[Opening Material for the task section]

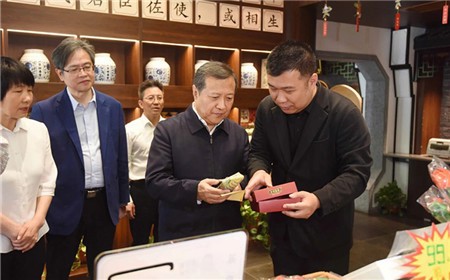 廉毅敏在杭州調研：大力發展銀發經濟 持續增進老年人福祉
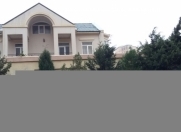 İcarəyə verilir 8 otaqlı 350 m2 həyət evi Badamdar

[Closing Material for the task section]
[Opening Material for the task section]

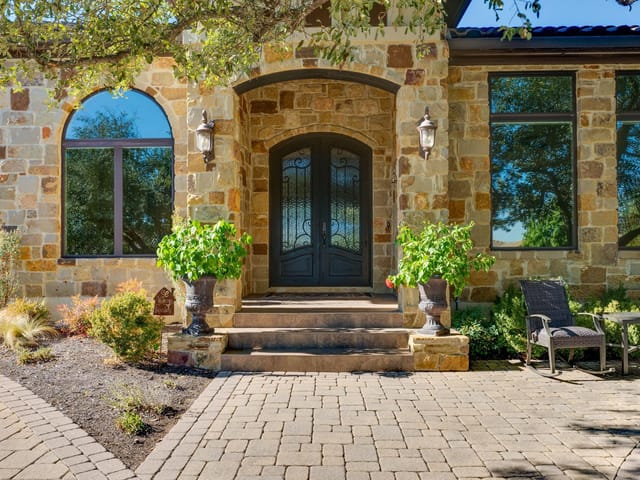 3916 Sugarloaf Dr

[Closing Material for the task section]

Your task
Copy only what runs above from the line containing "廉毅敏在杭州調研：大力發展銀發經濟 持續增進老年人福祉" through the line containing "İcarəyə verilir 8", exactly. Leave out the pictures.

Answer for the task
 廉毅敏在杭州調研：大力發展銀發經濟 持續增進老年人福祉
 İcarəyə verilir 8 otaqlı 350 m2 həyət evi Badamdar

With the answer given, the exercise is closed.